The Islamic rulers’ honeymoon with the communists is brief; soon a general crackdown is launched. Thus in 1983 begins Mr. Asadi’s descent into a realm of state cruelty that makes the shah-era detentions look like child’s play. His old friend the Islamic cleric, meanwhile, flourishes during this period—and continues to do so today, for the cleric is Sayyed Ali Khamenei, Iran’s supreme leader.
Mr. Asadi is so politically guileless that when his arrest comes, he persists for some time in the belief that somehow an American-sponsored coup like the one that brought the shah to power in 1953 is under way. Instead, he spends more than two years being interrogated and tortured by the Islamists. Much of the “intimate cruelty” is administered by someone he calls “Brother Hamid.” Working through all the levels of his hatred for this man is one of the functions of Mr. Asadi’s memoir.
Mr. Asadi is beaten, whipped and hung by his wrists for hours at a time, his toes just shy of the floor.
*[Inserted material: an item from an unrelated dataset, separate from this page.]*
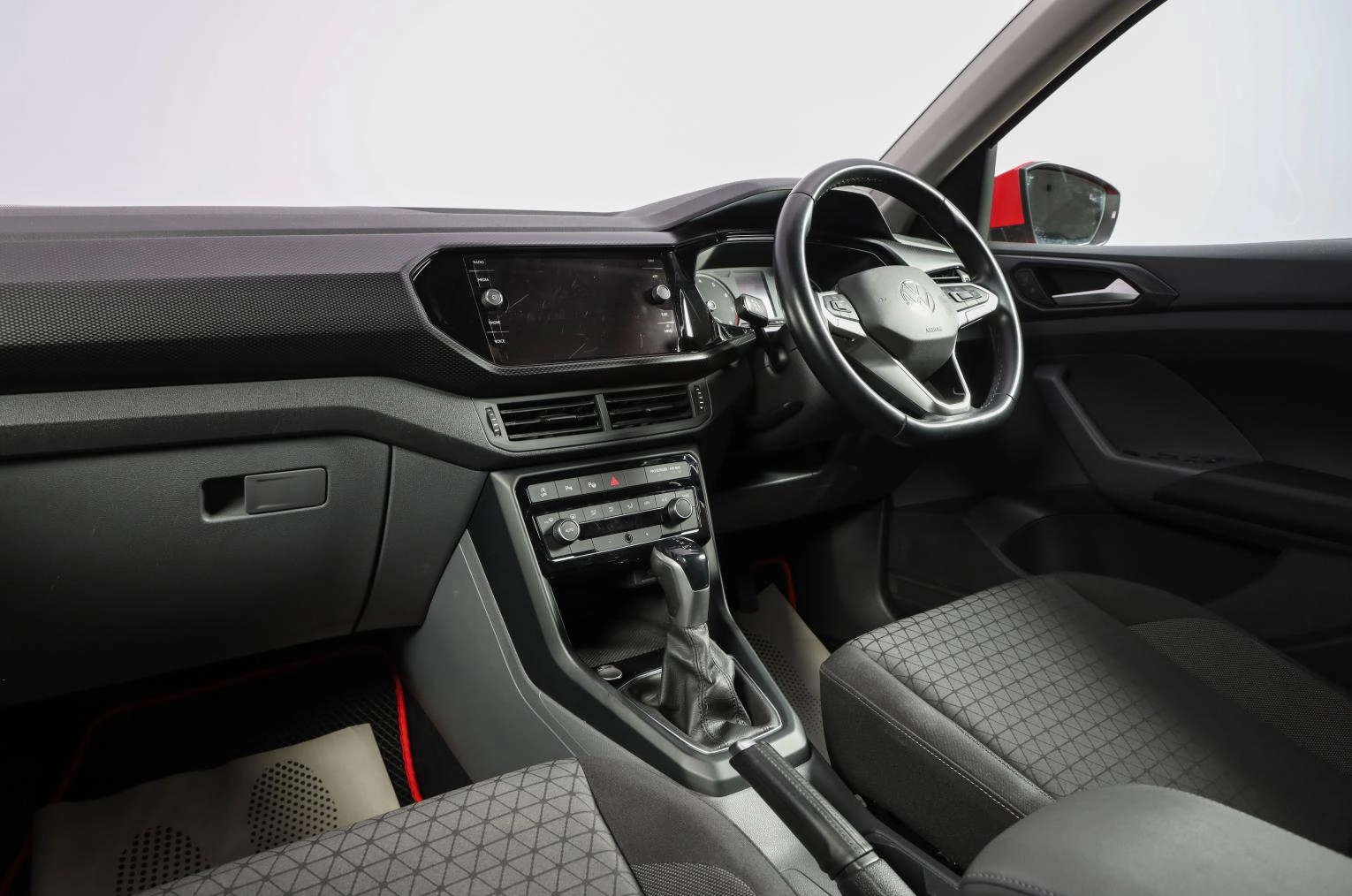 Volkswagen T-Cross 16 из 18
Sometimes he is up-ended so that he hangs with his nose in his own excrement. “Brother Hamid transformed me from a young idealist to the lowest form of life on earth,” he writes.
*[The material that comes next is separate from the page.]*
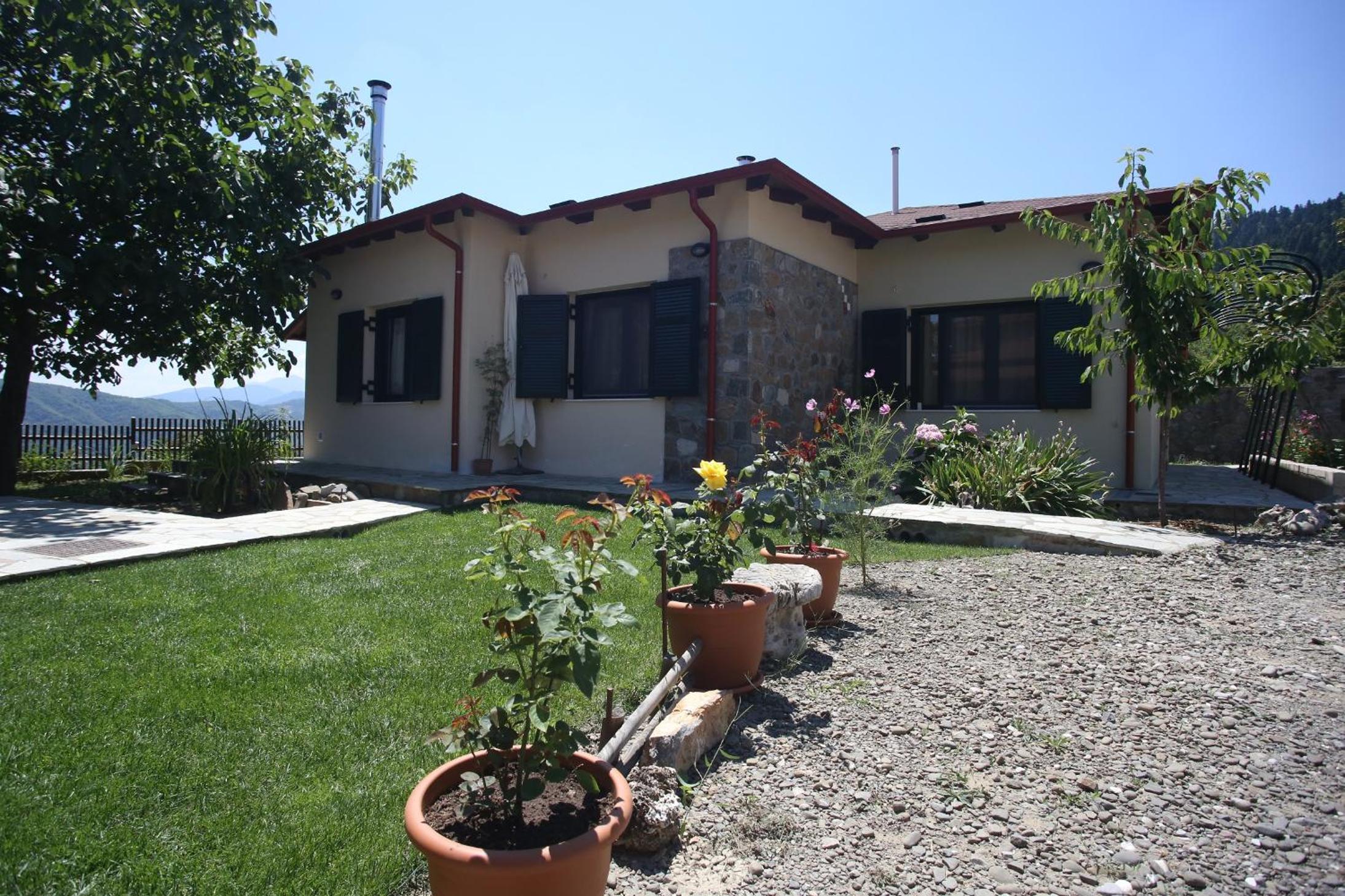 Two-Bedroom House - Photo 10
Eventually he cracks, but not before absorbing an astonishing degree of brutality, some of it for trying to “confess”—he falsely says that he spied on the regime for the British and the Soviets—without ¬implicating anyone else. Here no one can doubt Mr. Asadi’s extraordinary courage. The book ends with his release after the government apparently decided that he was too junior in the Communist Party to merit further torment. But he emerges into a country where the rulers’ paranoia has not been assuaged by the mass murder of thousands of his comrades in 1988 for their supposed danger to the Islamists’ rule.
“Later on,” Mr. Asadi writes, “the collapse of the Soviet Union, a country I had visited at the height of its power, took with it the last fragments of my beliefs. I had freed myself from myself.” He had nothing left, he says, but “love, beer, and literature.” He would continue to live in Iran for 15 years, forswearing political activity and eventually fleeing to Paris with his wife when the opportunity arose. A long-time author, editor and translator, he now writes for the Persian-language news website Rooz Online, which he co-founded.
Mr. Asadi’s dispassionate description of his experiences makes the book a permanent addition to the harrowing genre of the torture memoir. “Letters to My Torturer” is further distinguished by its precise anatomizing of the curious closeness that grows between torturer and tortured. “In the end, I began to see something of myself in my torturer, and found myself recognizing him as a human being too,” he observes. This intuition is all the more remarkable insofar as Mr. Asadi has given us an indelible portrayal of the fervent commitment to Islamism that makes his torturer pitiless.
There are some bumps in the narrative—it is not clear at some points when Mr. Asadi is addressing Brother Hamid, for instance, and whether some passages were written on command, as part of his elaborate “confession” in jail, or some years later in Paris. He also makes fugitive references to Guantanamo Bay, San Quentin and Israeli solitary-confinement cells, which suggest that, remarkably, Mr. Asadi is not quite ready to draw the distinctions between totalitarianism and democracy that his book so vividly demonstrates.
Nevertheless, Mr. Asadi has offered the world a powerful testament to what transpires in the prisons of Iran—a nightmare that the country’s radical Islamic leadership clearly would be only too happy to export.
Mr. Rosenberg is a writer and editor living in New York.